My daughter, Superanna, went to London a couple of weeks and brought me LOTS of tea. She sent me a link to look at this shop, and in addition to buying tea to bring home to me, she bought one tea and had it shipped from the store so I could see their adorable postcards that match the label of each tea.

When she asked me if I had tried this tea yet, knowing Keemun is a favorite of mine, I told her I was saving it for a special time. Today was time. I decided to take a morning for myself and enjoy some good tea.

I had tried one new Keemun last week that I bought as a daily drinker. I knew by the price it should be serviceable but wasn’t top of the line. I tried it and it was good, simple, not complex, no milk needed to smooth out roughness, no sugar needed to add interest.

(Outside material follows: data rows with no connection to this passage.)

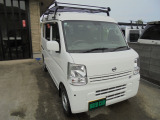 日産 NV100クリッパー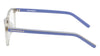 Converse CV5060Y Eyeglasses | Size 48 / Black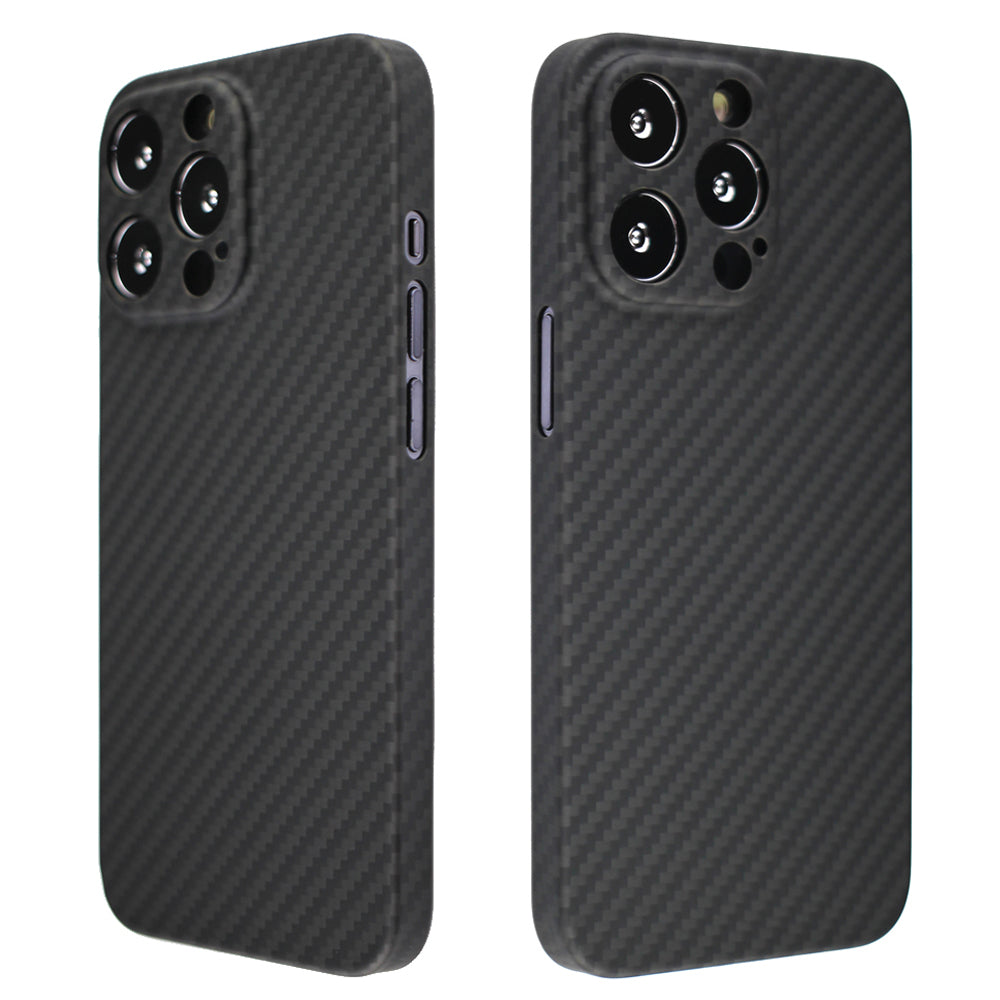 iPhone | Aramid Carbon Fiber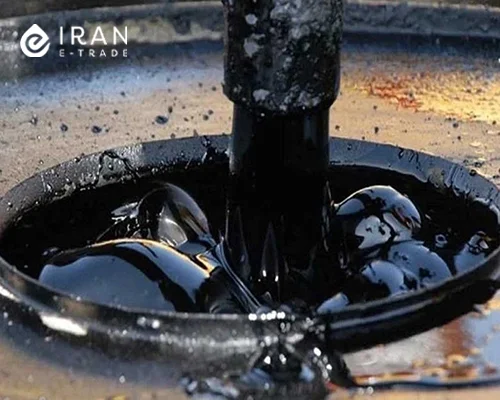 6. Bitumen (Asphalt)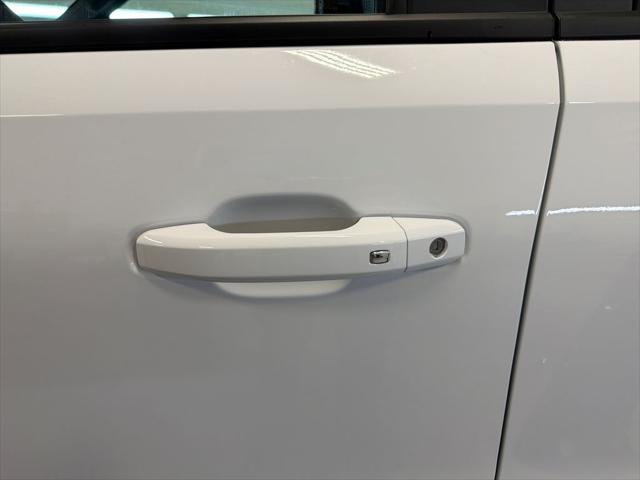 2026 GMC Canyon AT4, 4WD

But this one – oh, this one. When I measured out the leaves for this tea, I noticed they didn’t seem very large. What a surprise when I took out the infuser minutes later and saw big, tan/brown leaves and an aroma hit me that made me want to weep with gratitude.

There are layers of scent and layers of flavor. It has lovely, full body and it tastes of sweet molasses/honey with malt and walnut. If anything distracted me during breakfast, one sip of the tea arrested my attention and brought me back to fully enjoying the cup.

Kudos, Postcard Teas. You’re not just a pretty face.

Sil

awesome!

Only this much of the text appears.